EXERCISE INPUTS —
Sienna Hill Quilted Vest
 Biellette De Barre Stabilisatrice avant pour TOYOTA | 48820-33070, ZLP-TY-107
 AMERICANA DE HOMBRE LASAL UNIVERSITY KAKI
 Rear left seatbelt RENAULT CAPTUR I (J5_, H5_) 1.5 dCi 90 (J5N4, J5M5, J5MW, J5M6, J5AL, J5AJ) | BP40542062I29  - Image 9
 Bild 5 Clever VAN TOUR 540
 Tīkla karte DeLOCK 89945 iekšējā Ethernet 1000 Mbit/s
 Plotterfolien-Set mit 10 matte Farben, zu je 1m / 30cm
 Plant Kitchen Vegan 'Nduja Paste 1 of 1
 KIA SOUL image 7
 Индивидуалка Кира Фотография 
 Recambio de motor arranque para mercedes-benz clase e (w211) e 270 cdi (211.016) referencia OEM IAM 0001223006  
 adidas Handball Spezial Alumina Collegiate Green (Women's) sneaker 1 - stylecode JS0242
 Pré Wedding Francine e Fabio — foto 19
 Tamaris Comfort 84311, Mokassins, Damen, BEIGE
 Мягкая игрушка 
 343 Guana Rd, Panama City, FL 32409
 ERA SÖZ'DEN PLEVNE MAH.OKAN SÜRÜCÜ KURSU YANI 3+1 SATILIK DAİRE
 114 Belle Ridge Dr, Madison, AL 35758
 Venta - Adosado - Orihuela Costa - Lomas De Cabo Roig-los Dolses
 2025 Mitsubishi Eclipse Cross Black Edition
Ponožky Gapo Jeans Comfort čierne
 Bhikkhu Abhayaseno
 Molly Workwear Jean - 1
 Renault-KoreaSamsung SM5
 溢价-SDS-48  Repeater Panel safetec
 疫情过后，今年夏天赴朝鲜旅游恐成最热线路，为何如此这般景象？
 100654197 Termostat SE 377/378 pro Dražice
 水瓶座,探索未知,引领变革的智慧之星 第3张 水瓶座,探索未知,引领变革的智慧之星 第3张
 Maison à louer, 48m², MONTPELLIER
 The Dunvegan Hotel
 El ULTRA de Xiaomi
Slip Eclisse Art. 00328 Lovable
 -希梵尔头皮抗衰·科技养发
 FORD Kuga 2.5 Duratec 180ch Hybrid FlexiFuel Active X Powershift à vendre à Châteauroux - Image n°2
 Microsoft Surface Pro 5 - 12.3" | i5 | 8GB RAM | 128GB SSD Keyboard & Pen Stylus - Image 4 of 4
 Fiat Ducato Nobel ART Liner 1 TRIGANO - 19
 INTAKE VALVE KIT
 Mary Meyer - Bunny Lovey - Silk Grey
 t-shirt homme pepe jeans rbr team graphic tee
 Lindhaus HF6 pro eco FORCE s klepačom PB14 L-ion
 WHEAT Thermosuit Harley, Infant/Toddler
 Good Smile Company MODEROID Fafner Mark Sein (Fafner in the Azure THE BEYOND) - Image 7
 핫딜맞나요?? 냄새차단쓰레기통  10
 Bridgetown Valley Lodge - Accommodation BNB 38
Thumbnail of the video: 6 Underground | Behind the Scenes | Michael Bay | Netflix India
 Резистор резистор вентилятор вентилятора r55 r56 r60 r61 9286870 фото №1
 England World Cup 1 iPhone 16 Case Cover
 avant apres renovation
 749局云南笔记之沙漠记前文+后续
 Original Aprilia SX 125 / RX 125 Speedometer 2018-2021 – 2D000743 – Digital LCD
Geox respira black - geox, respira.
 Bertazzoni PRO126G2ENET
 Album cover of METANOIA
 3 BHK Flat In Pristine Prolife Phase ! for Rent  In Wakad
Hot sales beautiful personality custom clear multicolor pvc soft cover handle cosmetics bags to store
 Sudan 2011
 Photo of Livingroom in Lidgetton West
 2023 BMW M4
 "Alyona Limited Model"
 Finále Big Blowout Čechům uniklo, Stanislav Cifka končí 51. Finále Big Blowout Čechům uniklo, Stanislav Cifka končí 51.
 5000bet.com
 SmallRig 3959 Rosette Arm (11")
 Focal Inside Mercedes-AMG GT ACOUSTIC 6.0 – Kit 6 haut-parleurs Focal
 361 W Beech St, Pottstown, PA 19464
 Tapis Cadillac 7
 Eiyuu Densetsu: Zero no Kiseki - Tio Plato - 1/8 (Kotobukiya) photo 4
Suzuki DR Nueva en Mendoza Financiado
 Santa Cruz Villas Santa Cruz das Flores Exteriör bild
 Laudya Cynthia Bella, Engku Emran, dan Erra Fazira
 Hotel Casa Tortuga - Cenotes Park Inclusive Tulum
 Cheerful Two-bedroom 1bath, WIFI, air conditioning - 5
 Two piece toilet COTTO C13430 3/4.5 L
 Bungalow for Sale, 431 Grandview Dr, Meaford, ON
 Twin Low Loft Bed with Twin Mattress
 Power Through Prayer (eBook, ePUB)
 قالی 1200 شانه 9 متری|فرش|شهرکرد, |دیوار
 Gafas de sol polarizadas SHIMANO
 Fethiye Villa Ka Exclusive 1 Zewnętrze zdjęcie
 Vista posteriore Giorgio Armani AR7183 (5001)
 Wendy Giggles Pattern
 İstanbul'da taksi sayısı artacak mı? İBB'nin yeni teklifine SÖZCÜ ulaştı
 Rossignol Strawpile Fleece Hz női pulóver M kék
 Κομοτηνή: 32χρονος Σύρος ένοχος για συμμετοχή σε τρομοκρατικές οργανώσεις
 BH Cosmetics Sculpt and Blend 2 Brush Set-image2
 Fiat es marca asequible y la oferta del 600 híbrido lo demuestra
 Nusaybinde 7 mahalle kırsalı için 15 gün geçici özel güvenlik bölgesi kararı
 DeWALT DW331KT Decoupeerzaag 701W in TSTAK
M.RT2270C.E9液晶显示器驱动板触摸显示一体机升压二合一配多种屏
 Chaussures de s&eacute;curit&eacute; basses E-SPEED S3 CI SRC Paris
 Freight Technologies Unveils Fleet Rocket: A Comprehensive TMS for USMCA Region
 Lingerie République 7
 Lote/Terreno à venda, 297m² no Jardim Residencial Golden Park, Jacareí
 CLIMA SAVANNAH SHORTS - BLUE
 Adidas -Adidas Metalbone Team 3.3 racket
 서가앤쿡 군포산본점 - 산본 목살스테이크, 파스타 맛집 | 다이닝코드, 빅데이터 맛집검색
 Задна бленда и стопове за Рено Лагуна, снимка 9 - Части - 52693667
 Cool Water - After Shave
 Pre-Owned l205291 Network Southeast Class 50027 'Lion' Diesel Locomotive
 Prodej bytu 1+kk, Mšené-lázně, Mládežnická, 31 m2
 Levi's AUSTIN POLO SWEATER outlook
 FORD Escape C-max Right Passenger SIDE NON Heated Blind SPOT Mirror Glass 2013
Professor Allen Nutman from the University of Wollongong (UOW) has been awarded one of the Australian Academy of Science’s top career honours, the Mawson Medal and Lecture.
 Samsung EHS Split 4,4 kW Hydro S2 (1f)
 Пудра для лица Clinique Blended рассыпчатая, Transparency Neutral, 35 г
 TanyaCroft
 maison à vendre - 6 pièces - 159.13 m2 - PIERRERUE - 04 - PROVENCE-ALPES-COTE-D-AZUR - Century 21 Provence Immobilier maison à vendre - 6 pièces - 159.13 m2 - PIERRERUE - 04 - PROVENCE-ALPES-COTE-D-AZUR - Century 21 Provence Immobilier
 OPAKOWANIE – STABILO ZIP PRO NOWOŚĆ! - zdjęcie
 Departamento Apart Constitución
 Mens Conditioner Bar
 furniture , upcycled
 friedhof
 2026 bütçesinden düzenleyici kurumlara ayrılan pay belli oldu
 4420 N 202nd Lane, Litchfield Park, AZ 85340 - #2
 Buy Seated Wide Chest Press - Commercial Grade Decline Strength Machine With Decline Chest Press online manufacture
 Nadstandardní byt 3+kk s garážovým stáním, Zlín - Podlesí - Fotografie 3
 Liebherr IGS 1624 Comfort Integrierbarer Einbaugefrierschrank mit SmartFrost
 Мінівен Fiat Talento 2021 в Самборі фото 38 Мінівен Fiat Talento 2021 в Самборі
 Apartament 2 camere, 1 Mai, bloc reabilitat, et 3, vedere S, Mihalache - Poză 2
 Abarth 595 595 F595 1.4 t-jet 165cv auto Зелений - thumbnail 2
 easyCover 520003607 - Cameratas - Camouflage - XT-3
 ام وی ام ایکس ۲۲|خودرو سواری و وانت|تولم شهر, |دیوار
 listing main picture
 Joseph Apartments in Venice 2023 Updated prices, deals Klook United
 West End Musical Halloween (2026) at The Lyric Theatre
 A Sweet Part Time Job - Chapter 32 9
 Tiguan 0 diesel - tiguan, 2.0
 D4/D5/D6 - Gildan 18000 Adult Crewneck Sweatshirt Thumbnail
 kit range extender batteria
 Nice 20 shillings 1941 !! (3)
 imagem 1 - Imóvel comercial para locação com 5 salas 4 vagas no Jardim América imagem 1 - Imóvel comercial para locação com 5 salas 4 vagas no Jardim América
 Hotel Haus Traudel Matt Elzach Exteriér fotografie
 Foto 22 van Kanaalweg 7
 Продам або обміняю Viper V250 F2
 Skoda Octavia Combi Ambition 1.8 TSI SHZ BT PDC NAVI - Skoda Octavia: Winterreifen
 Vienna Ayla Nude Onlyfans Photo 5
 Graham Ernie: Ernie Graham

TASK DESCRIPTION —
Print, without alteration, only the lines above between the one holding "İstanbul'da taksi sayısı" and the one holding "Lingerie République 7", inclusive.

TASK SOLUTION —
 İstanbul'da taksi sayısı artacak mı? İBB'nin yeni teklifine SÖZCÜ ulaştı
 Rossignol Strawpile Fleece Hz női pulóver M kék
 Κομοτηνή: 32χρονος Σύρος ένοχος για συμμετοχή σε τρομοκρατικές οργανώσεις
 BH Cosmetics Sculpt and Blend 2 Brush Set-image2
 Fiat es marca asequible y la oferta del 600 híbrido lo demuestra
 Nusaybinde 7 mahalle kırsalı için 15 gün geçici özel güvenlik bölgesi kararı
 DeWALT DW331KT Decoupeerzaag 701W in TSTAK
M.RT2270C.E9液晶显示器驱动板触摸显示一体机升压二合一配多种屏
 Chaussures de s&eacute;curit&eacute; basses E-SPEED S3 CI SRC Paris
 Freight Technologies Unveils Fleet Rocket: A Comprehensive TMS for USMCA Region
 Lingerie République 7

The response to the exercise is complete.